QUOTE'
" Right now I have it so that the cylinders bottom out at full stroke at the required lift height, which levels the unit perfectly. they just don't bottom out at the same time."
That indicates that the load is not symmetrical. If it were the rams would rise at the same speed.
The idea of double acting cylinders, feed the downstream cylinders from the rod end of the cylinder won't work. That would be an "intensifier. ie., increased pressure from the smaller area, but reduced flow, and where do you get the additional fluid hen you have extended the first cylinder?
A hydraulic loader with 2 cylinders WILL have the same pressure on both cylinders, I don't care how much weight is on one side of the bucket or the other. Guages on both cylinders will read the same, as they are plumbed in parallel, teed to feed both cylinders. If one ram has leaky cups, both will drop in synch. If your valves close off both advance and retract, then, no, the cylinders will not lose pressure, as there is no place for the leakage past the cups to go
My company lifted 500 ton turbo generators with centralized Enerpac, and they lifted evenly. BUT, the 4 corners were uniform in weight.

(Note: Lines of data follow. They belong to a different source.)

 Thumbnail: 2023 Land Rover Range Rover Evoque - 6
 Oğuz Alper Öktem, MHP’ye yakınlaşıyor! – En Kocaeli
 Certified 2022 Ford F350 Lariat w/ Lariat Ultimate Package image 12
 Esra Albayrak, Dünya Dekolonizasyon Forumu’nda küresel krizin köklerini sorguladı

"You then would use 4 pilot operated check valves to resynch the single acting cylinder at the top of the stroke. I.e. one cylinder is leading the other three, it hits the end of its stroke, the pressure rises in the line, then the check valve opens to allow the fluid to drain back to tank until the other three meet the end of their stroke."
" it hits the end of its stroke, the pressure rises in the line, then the check valve opens to allow the fluid to drain back to tank ."

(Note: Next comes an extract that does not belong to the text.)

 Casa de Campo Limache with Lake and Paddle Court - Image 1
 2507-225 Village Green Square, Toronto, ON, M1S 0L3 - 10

That is impossible. The pressure cannot rise in that line, if they are all in parallel. The same pressure on all 4. IF one ram were smaller area, it would lift quicker, but the pressure on all 4 will be the same, and in an hydraulic system, you do not dump fluid from one cylinder to allow the others to catch up. If you DID have a valve open on a common rail system, as you are describing, if your "check valve" opened, you would lose pressure to all you cylinders. One is faster than the others, and I think you are referring to something called, properly, a "buffer valve", if it opens, system pressure falls off, you quit lifting, simply dump back to the reservoir.
JWaldo,
Also known as a "Walking Beam" conveyor. We had them to move 35 ton coils into the Pickle Line infeed.Couple hundred year old idea. Nothing new under the Sun, though we might just dream up what we never saw. Re-invent the wheel.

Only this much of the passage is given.